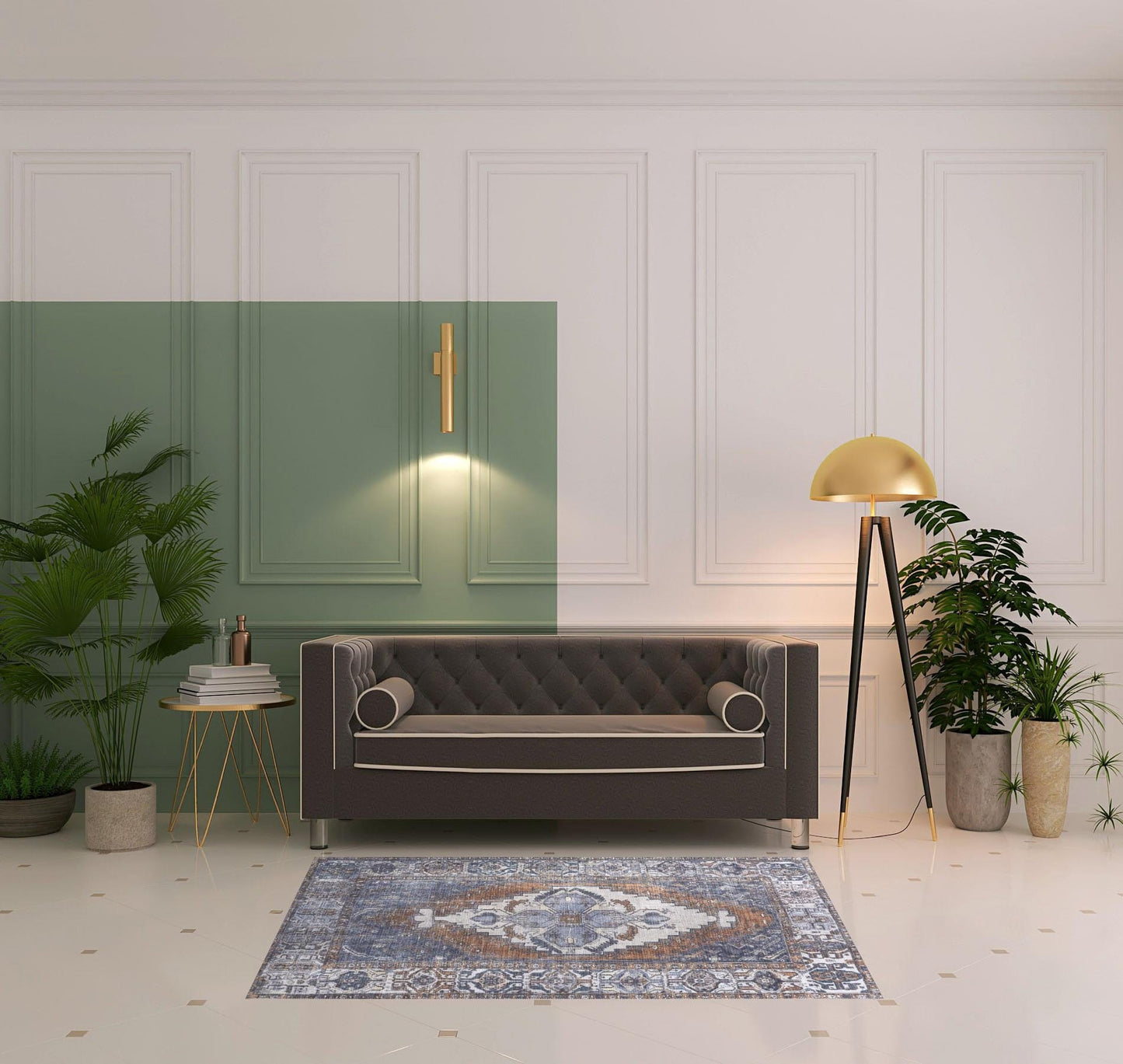 4' X 6' Blue Ivory And Brown Floral Area Rug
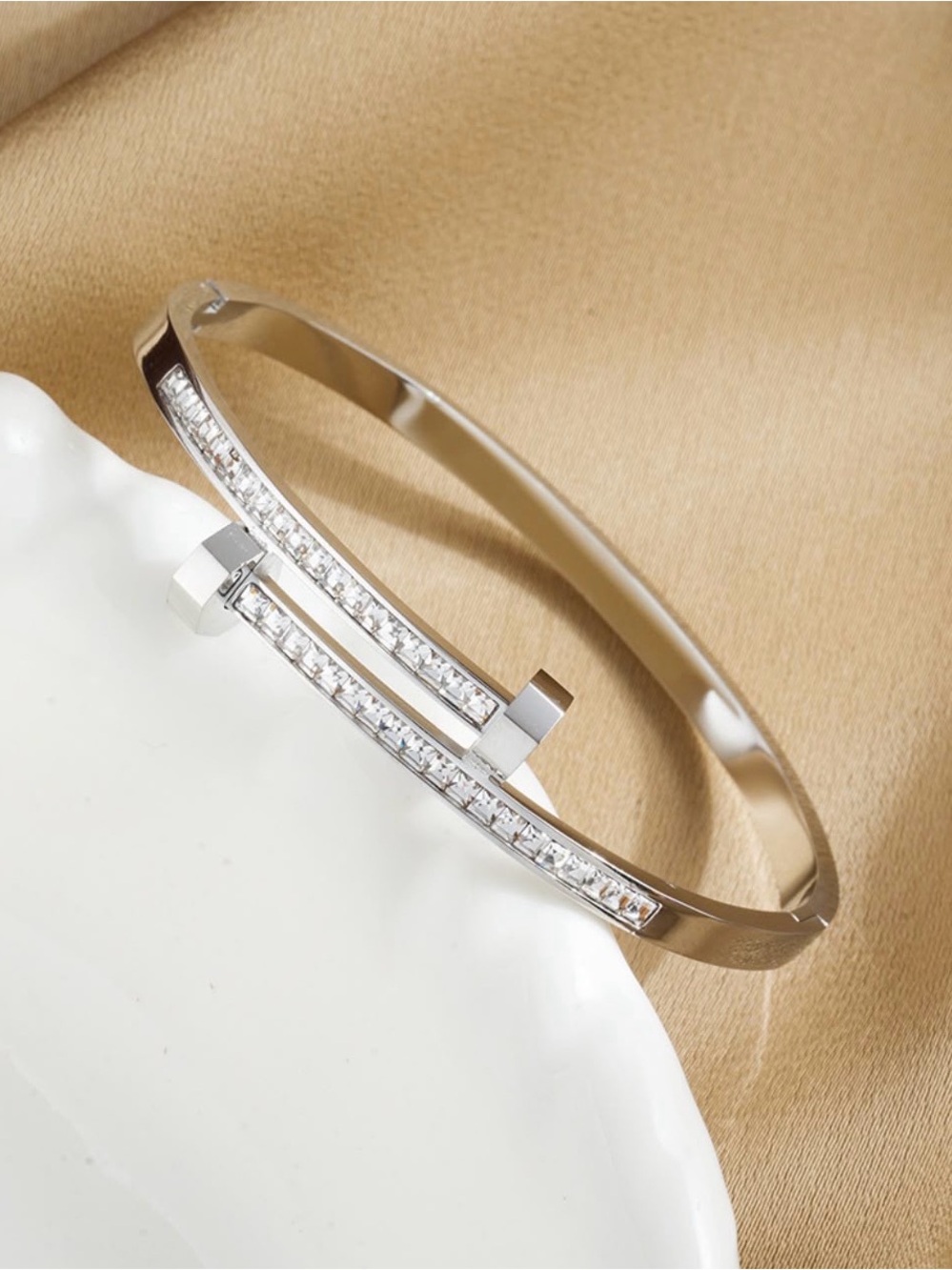 Classic Sterling Silver Crystal Bar Bangle Bracelet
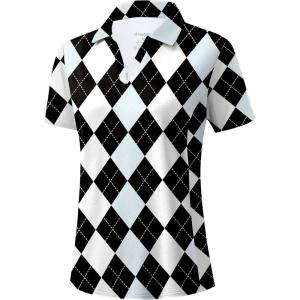 imageG Gradual Polo Shirts for Women Short Sleeve Golf Shirts V Neck Collared Top Cooling Lightweight UPF 50 Tennis Work Dry FitGrey Argyle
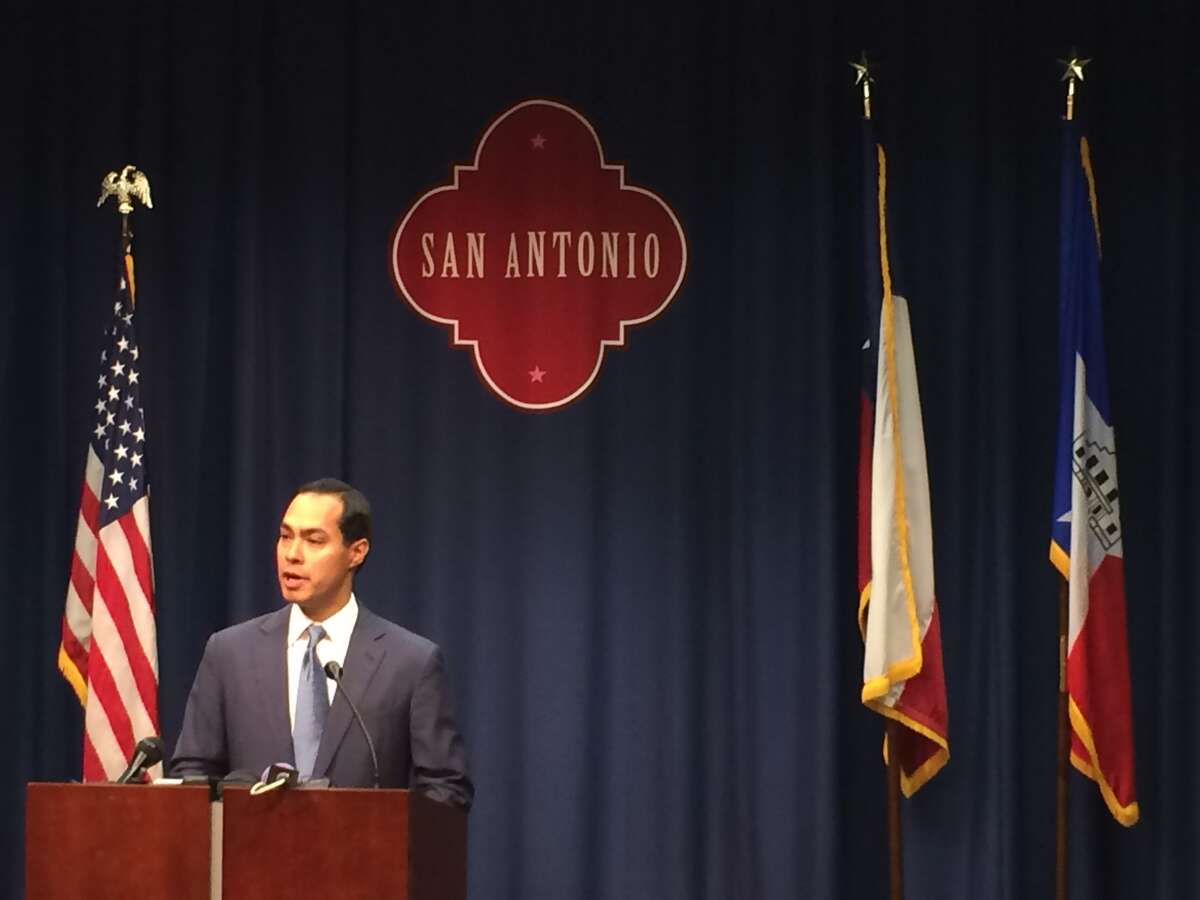 Mayor Julian Castro, confirmed as HUD secretary earlier in the day, gives his first public remarks in a meeting with reporters in his City Hall office.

════

## Exercise requirements
Would you write out the data exactly, with no pictures in the copy?

## Answer to this exercise
 4' X 6' Blue Ivory And Brown Floral Area Rug
 Classic Sterling Silver Crystal Bar Bangle Bracelet
 imageG Gradual Polo Shirts for Women Short Sleeve Golf Shirts V Neck Collared Top Cooling Lightweight UPF 50 Tennis Work Dry FitGrey Argyle
 Mayor Julian Castro, confirmed as HUD secretary earlier in the day, gives his first public remarks in a meeting with reporters in his City Hall office.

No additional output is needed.